BEGIN

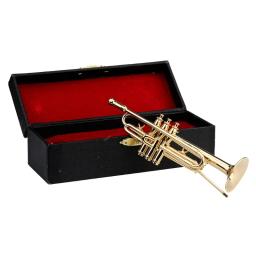 Mini instrumento de sopro trombone trompa francesa saxofone cobre modelo dourado ornamentos com caixa de armazenamento de 87 - Image 6
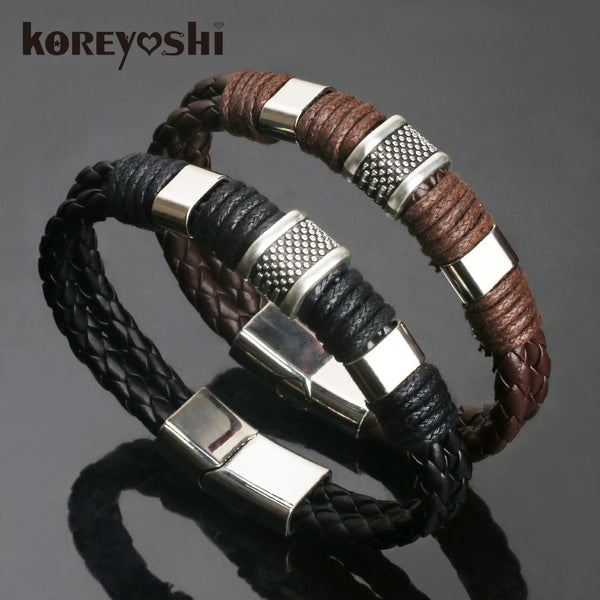2018 new Jewelry Punk 2 color Zinc Alloy Accessories Weave Genuine leather Men braided  Bracelet male Bangles pulseras hombre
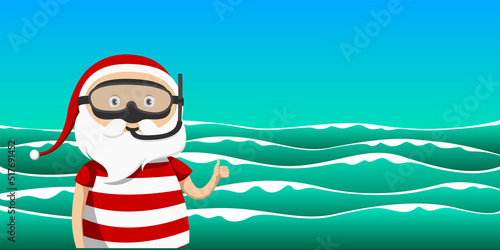 Santa Claus in snorkeling mask. Vector illustration.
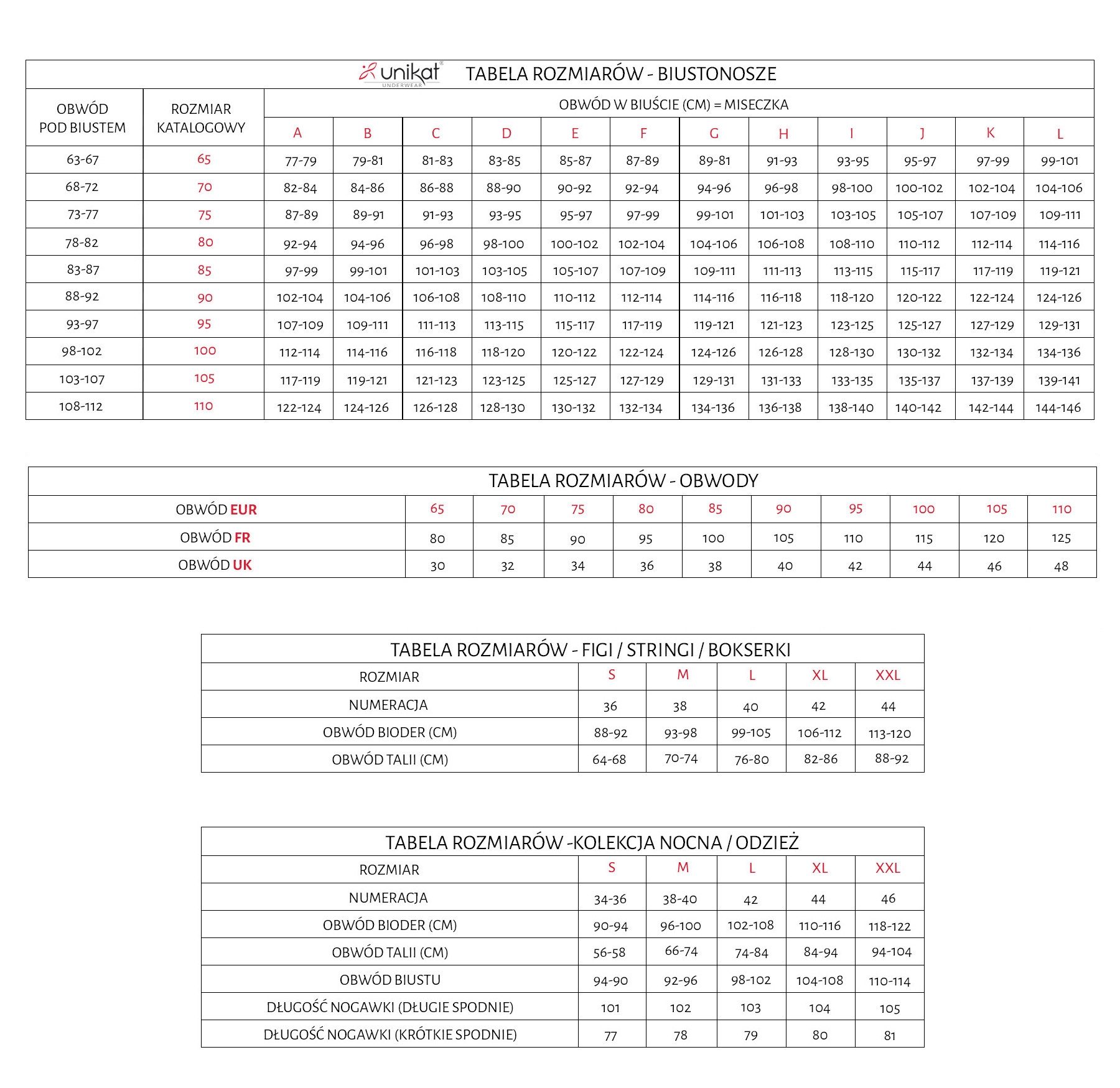 tabela rozmiarów Unikat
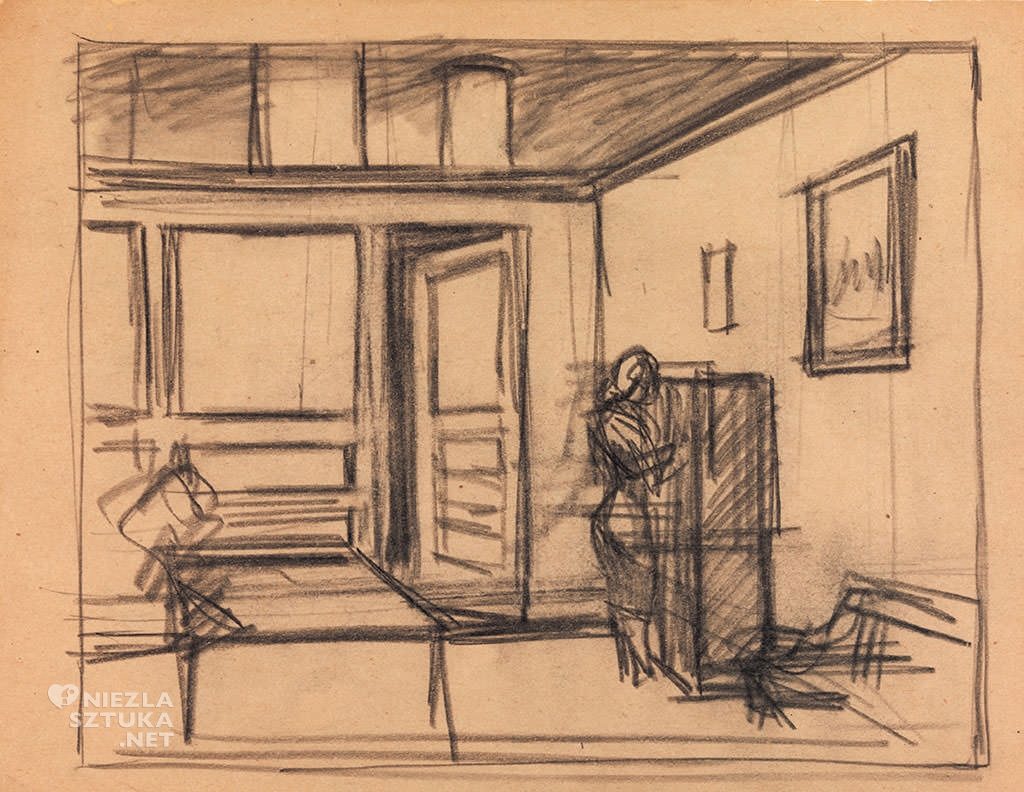 Edward Hopper, Office at night, malarstwo amerykańskie, szkic do obrazu, Niezła Sztuka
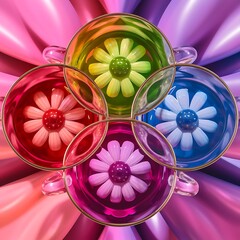 Wall Mural - Four identical glass cups red green blue purple spring flowers on a pink background close up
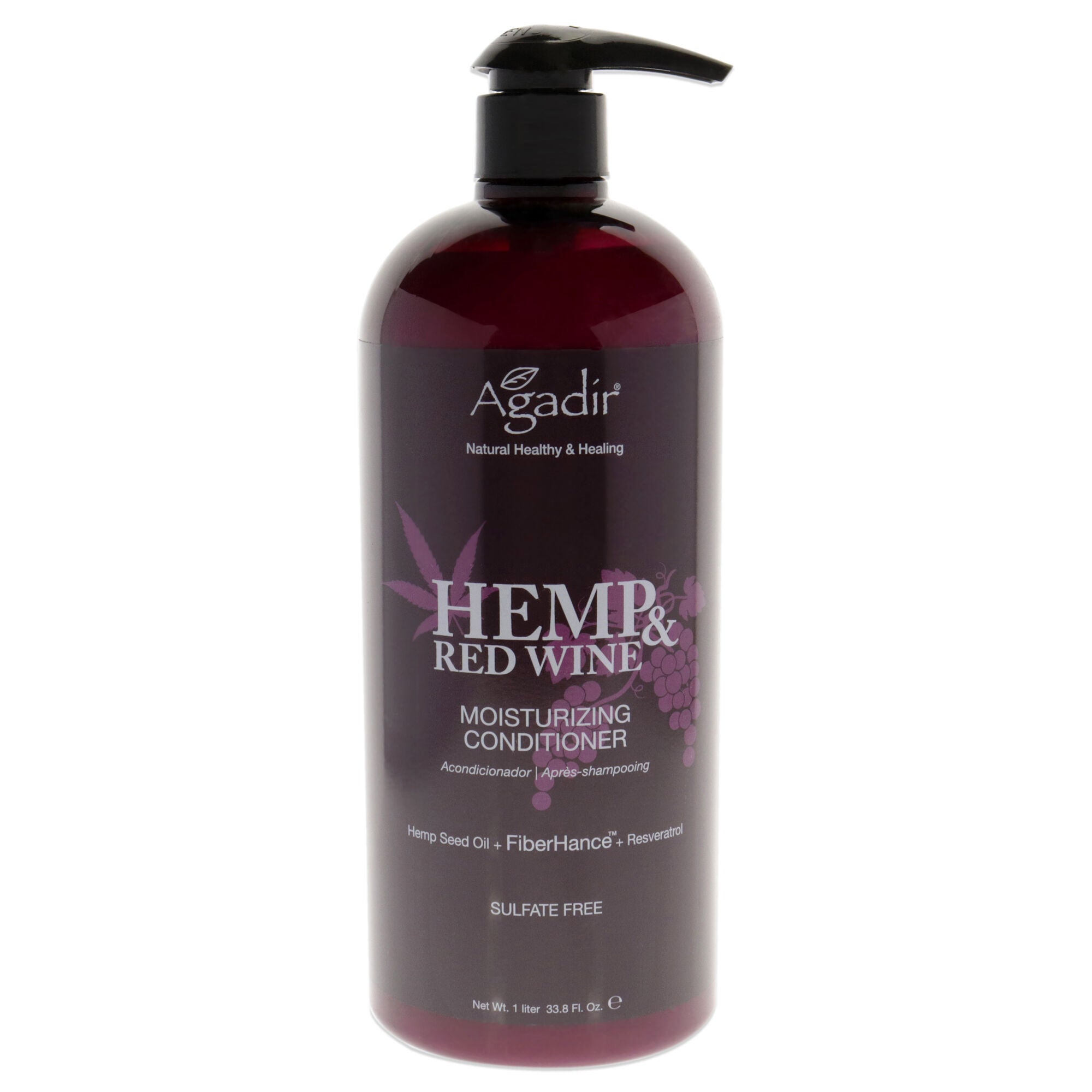 Hemp and Red Wine Moisturizing Conditioner by Agadir for Unisex - 33.8 oz Conditioner, See Description, hi-res image number 0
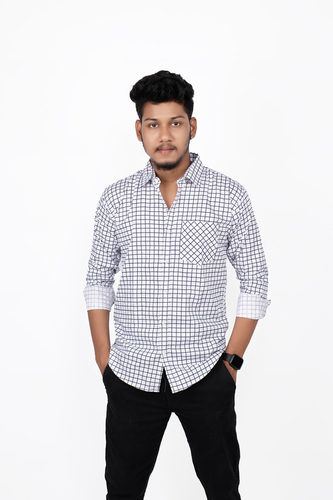 Indian 100% Cotton Men'S Slim-Fit Full-Sleeve White Shirt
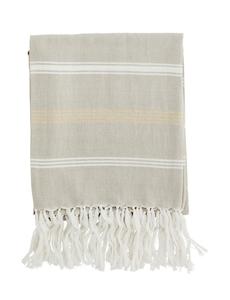 Accessories: Striped hammam towel, beige/white/gold
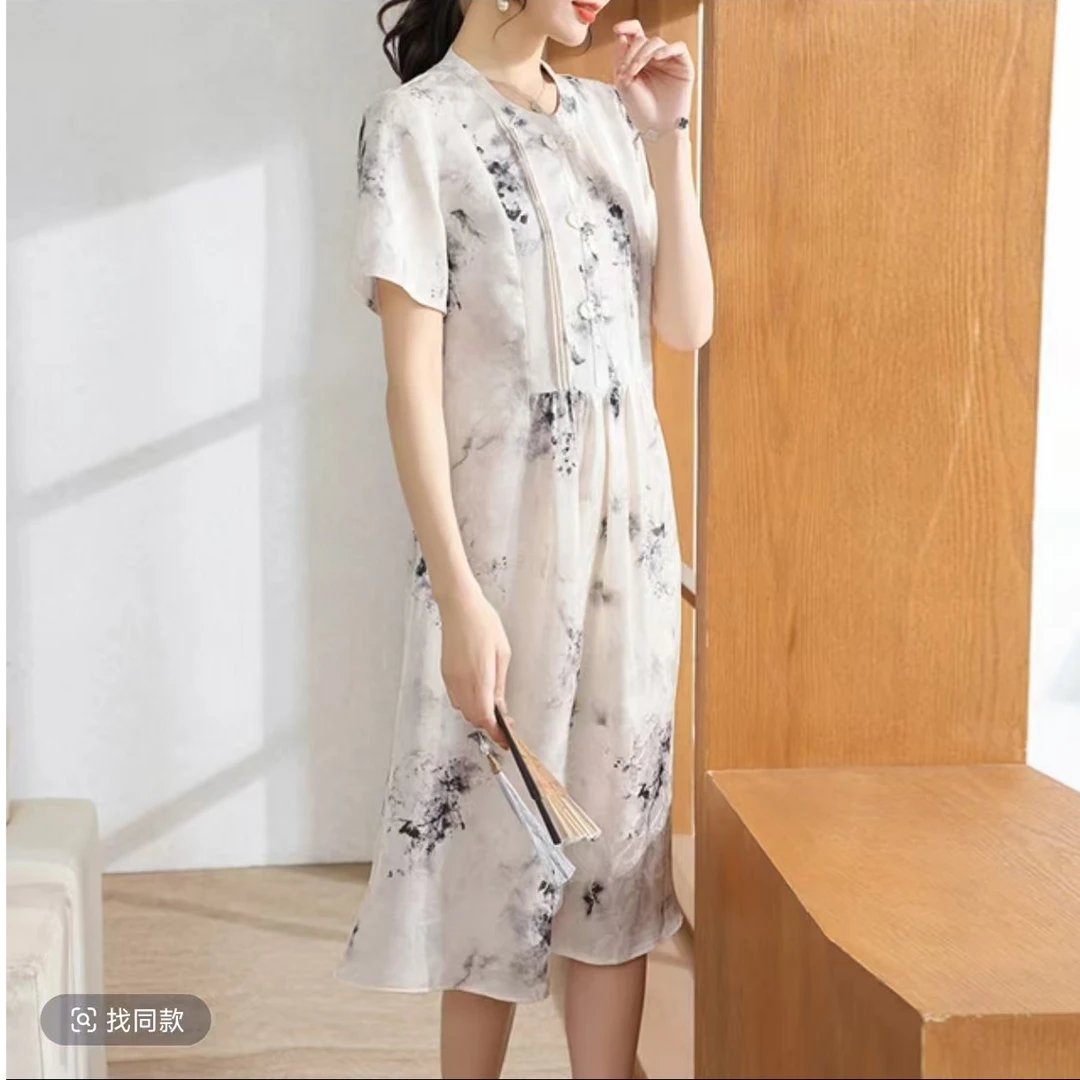 433-时尚中老年女装中长款厚款汉服长裙旗袍裙中式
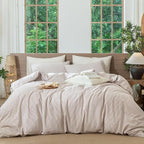 MooMee Striped Duvet Cover Set 100% Washed Cotton Linen Like Textured Breathable Durable Soft Comfy (Orange Pinstripes, Full 80"x90")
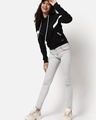 Shop Women's Black & White Hooded Sweatshirt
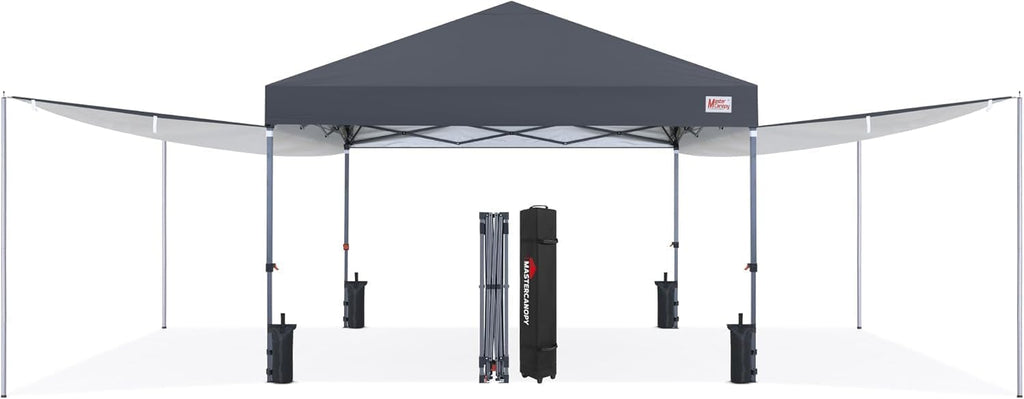 MASTERCANOPY 10x10 Pop Up Canopy Tent with 2 Shelters，230 Sq ft Drak Grey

END

» **Activity**
Leave out the pictures and output every record above precisely as given.

» **Output of the task**
 Mini instrumento de sopro trombone trompa francesa saxofone cobre modelo dourado ornamentos com caixa de armazenamento de 87 - Image 6
2018 new Jewelry Punk 2 color Zinc Alloy Accessories Weave Genuine leather Men braided  Bracelet male Bangles pulseras hombre
 Santa Claus in snorkeling mask. Vector illustration.
 tabela rozmiarów Unikat
 Edward Hopper, Office at night, malarstwo amerykańskie, szkic do obrazu, Niezła Sztuka
 Wall Mural - Four identical glass cups red green blue purple spring flowers on a pink background close up
 Hemp and Red Wine Moisturizing Conditioner by Agadir for Unisex - 33.8 oz Conditioner, See Description, hi-res image number 0
 Indian 100% Cotton Men'S Slim-Fit Full-Sleeve White Shirt
 Accessories: Striped hammam towel, beige/white/gold
 433-时尚中老年女装中长款厚款汉服长裙旗袍裙中式
 MooMee Striped Duvet Cover Set 100% Washed Cotton Linen Like Textured Breathable Durable Soft Comfy (Orange Pinstripes, Full 80"x90")
 Shop Women's Black & White Hooded Sweatshirt
 MASTERCANOPY 10x10 Pop Up Canopy Tent with 2 Shelters，230 Sq ft Drak Grey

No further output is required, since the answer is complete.